Source: Cincinnati Enquirer
By Michaela Oldfield, Director, Greater Cincinnati Regional Food Policy Council
The Enquirer’s recent profile of area farmers markets is a helpful guide to where and when people can buy locally grown produce and other fare. We’d like to add a little bit about why farmers markets are an important component of the local food scene and some important context about their role in feeding our region.
Farmers markets saw record numbers and sales last year, a trend that’s continued into 2021. This is obviously a welcome development, but as with so many other industries, the increased interest is also posing some challenges. Farms may not have enough product, given vagaries in weather and other factors. Meat has been particularly difficult. With consumer demand surging, a preexisting bottleneck in meat processing has worsened, with slaughterhouses booked out through 2022.
Consumers can help farms buffer against variable demand by buying Consumer Supported Agriculture (CSA) shares, which allow consumers to invest in a farm at the beginning of the season and receive a box of the product the farm produces each week. It also helps when shoppers come to the market with an open mind and a willingness to try what’s available, rather than having a set list of items to purchase. This approach can also lead to new discoveries, as you can always find recipes for whatever unusual vegetable you might pick up. We highly recommend starting with Edible Ohio Valley, which is a regional publication that offers great stories and recipes on what's local and in season.
In addition to farmers markets, resources like Local Food Connection also allow consumers to tap into local farmers and their products. Local Food Connection is a Cincinnati-based food hub that aggregates from small farms and makes their offerings conveniently available to institutions and restaurants. As restaurants reopen and ramp up their offerings, seeking out and eating at businesses that support small, local farmers is an additional boost to our local economy, as dollars stay here instead of being funneled elsewhere. Prioritizing locally grown food also yields more nutritious offerings and decreases the carbon footprint of our meals.
It is not just home-cooked and restaurant meals that benefit from a local approach to food purchasing.

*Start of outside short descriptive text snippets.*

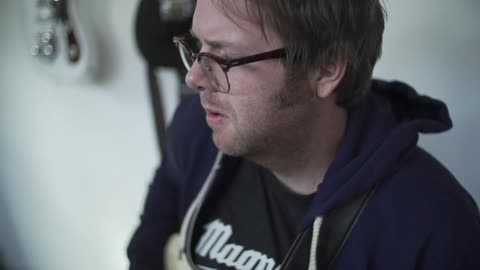 A man plays the guitar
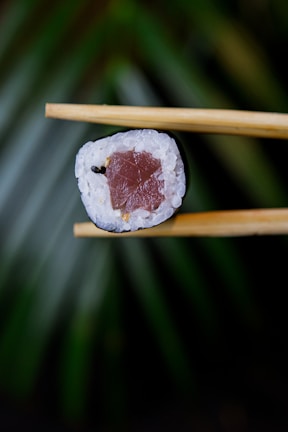 A piece of sushi roll is held delicately between two wooden chopsticks. The sushi features a center filling that appears to be raw fish, surrounded by white rice and a wrap of seaweed. The background is blurred with green tones, possibly suggesting a nature-inspired setting.
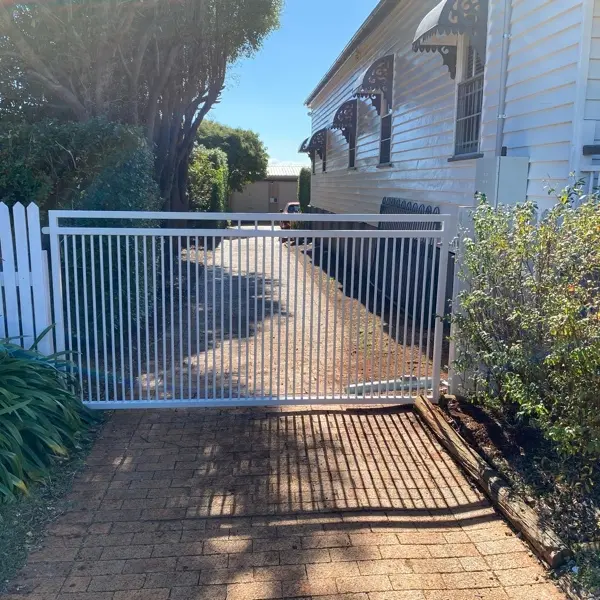 after Wood-look Powder-coated Steel Swing Gate – Pipe Gate + posts, South Toowoomba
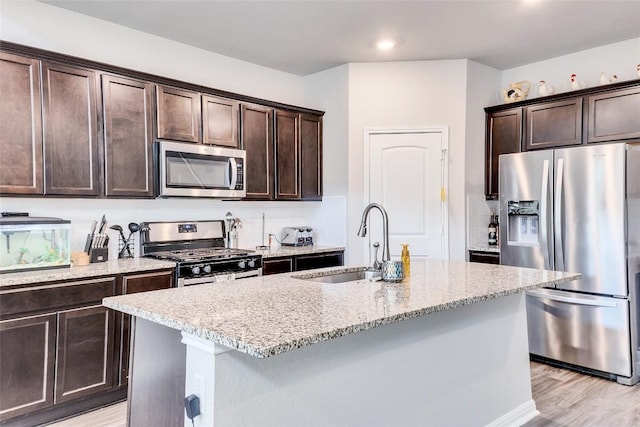 348 Empress Tree Dr, Leander, TX 78641 - kitchen featuring appliances with stainless steel finishes, a sink, dark brown cabinets, light stone countertops, and recessed lighting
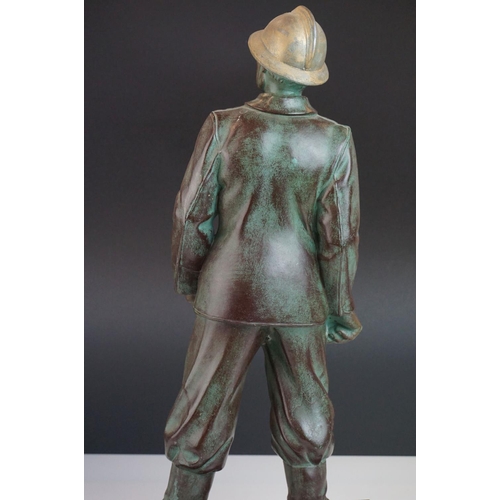 102 - Patinated Metal Model of a Fireman on a Marble base, 44cms high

Parents of Cincinnati Public Schools students are supporting the local food system because the district is a statewide leader in buying food from local farmers. CPS is also a national leader through their adoption of the Good Food Purchasing Program, which directs some of the district’s multi-million dollar food budget back into the regional economy, creating jobs that stay in the community, promoting humane farming and using healthy local food in cafeterias.
Farmers markets, with their artisanal bread and organic eggs, have a reputation for luxury and affluence, but that doesn’t have to be the case. Markets throughout the region reflect their communities, with many working to expand access to all residents, no matter what their income level is. Organizations like Produce Perks Midwest also run programs that subsidize farmers market purchases for low income consumers, helping consumers’ dollars go even further when they shop local.
At the Greater Cincinnati Regional Food Policy Council, we’re committed to expanding access to local foods for everyone in the region. The Enquirer’s listing of farmers markets is an important guide, and resources like the Central Ohio River Valley Food Guide and Edible Ohio Valley also provide extensive information on where to shop for food locally, from CSAs and farmers markets to restaurants that prioritize local ingredients. It’s an exciting time to be part of the regional food scene, and there’s no better time than the height of this growing season to take advantage of all our local farmers have to offer.
Michaela Oldfield is director of the Greater Cincinnati Local Food Policy Council.